Hiç boşluk, hiç sıkıntı, hiç keder yok; hep dolu, hep güzelliklerin derecelerini seyretme… Böylesi hayat ne uzun, ne geçirilmek istenmez, ne bitirilmek dilenmez yaşam… Sonu gelmez güzellikler emilen, sonsuzluğu netice veren çok yoğun çekirdek hayat; ahiretin sonsuz güzelliklerine, Cemal-i Bakiyeyi müşahedeyi hazırlayan güzel hayat.

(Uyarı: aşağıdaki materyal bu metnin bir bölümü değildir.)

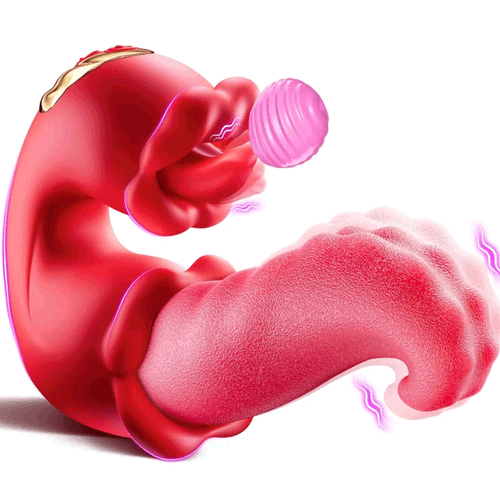 LICKORA X10 Suptruck 4-in-1 Tongue Rose Kiwinet Vibrator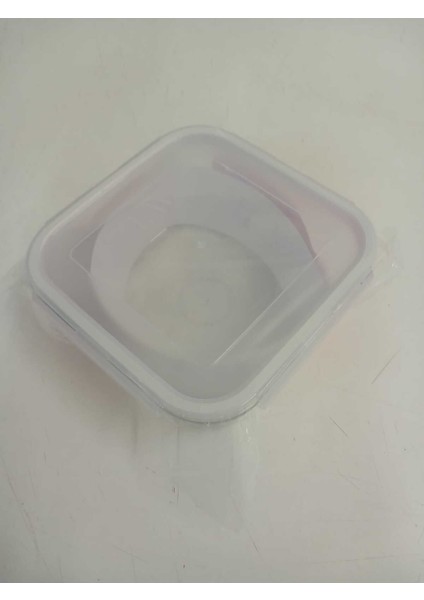 Cam Kilitli Saklama Kabı 3’lü Set, 1150CC, Kare, Beyaz fırsatları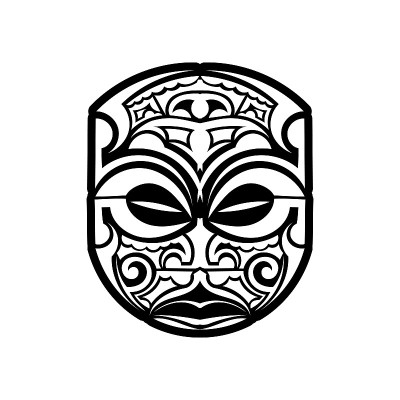 提基用作毛利人的纹身艺术。神圣的符号和符号。股票向量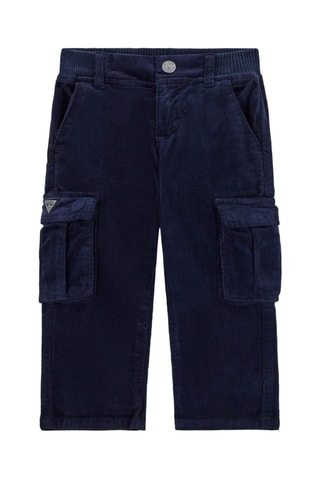 Pantalon en velours - Bleu foncé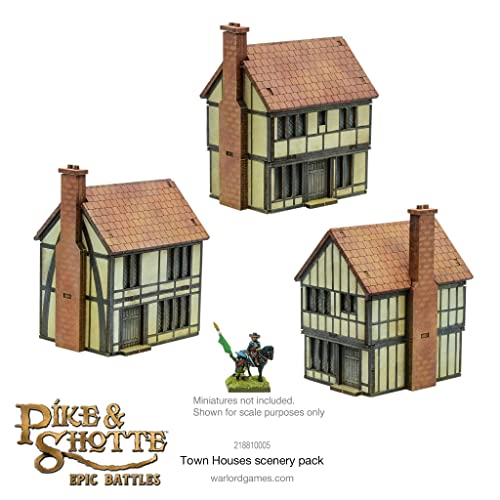 Warlord Games Pike & Shotte Epic Battles - Town Houses Scenery Pack for Military Table Top Wargaing Diorama Plastic Model Kit 218810005 - Image 5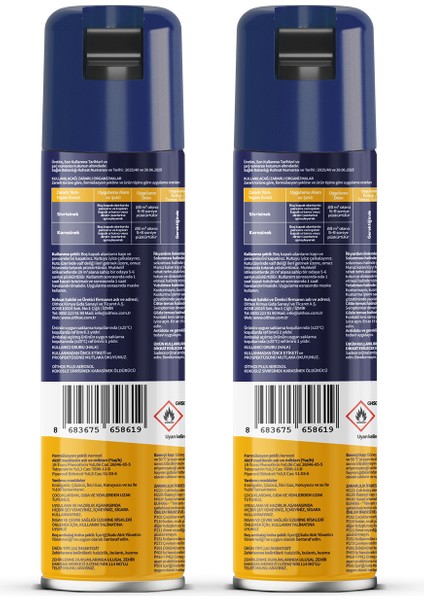 Plus Aerosol Kokusuz Karasinek ve Sivrisinek Öldürücü Sprey 300 ml x 2 Adet modelleri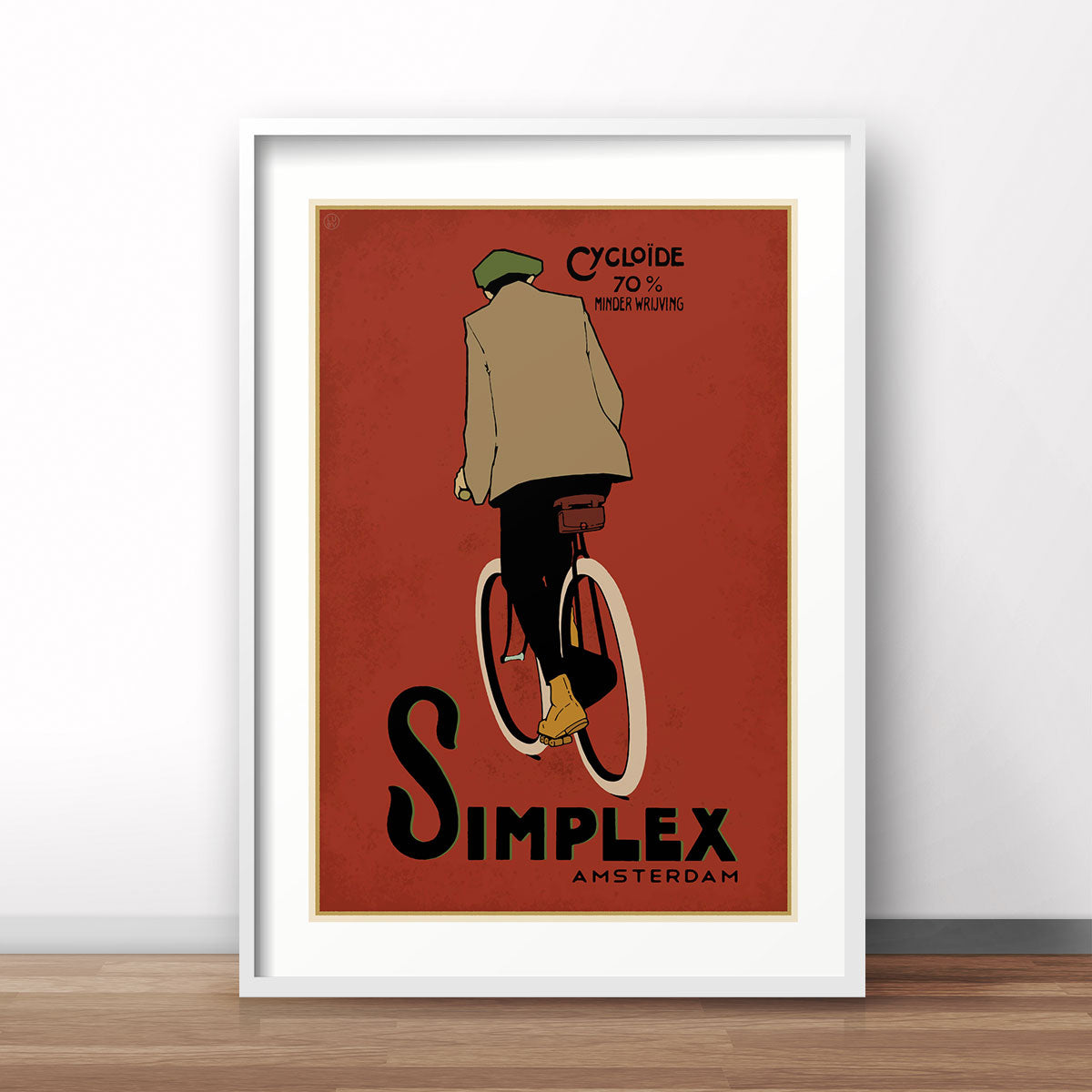Simplex Cycles Amsterdam vintage retro advertising poster - Places We Luv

Deva ve güzellik dolu Nur denizinde Hüsna olan Esma tecellilerinde yüzmek – musibet ve afiyet anları – için Cemil-i Zülcemal’in inayetine ihtiyacımız var; O’nun bütün güzellikleri içine alan Rahmet eli ulaşmazsa nice olur halimiz? Rahmetinden hep ümitliyiz; çünkü bizi güzelliklerini göstermek için ayine seçmiş.
Küfür, hakaret, rencide edici cümleler veya imalar, inançlara saldırı içeren, imla kuralları ile yazılmamış,
Türkçe karakter kullanılmayan ve BÜYÜK HARFLERLE yazılmış yorumlar
Adınız kısmına uygun olmayan ve saçma rumuzlar onaylanmamaktadır.
Anlayışınız için teşekkür ederiz.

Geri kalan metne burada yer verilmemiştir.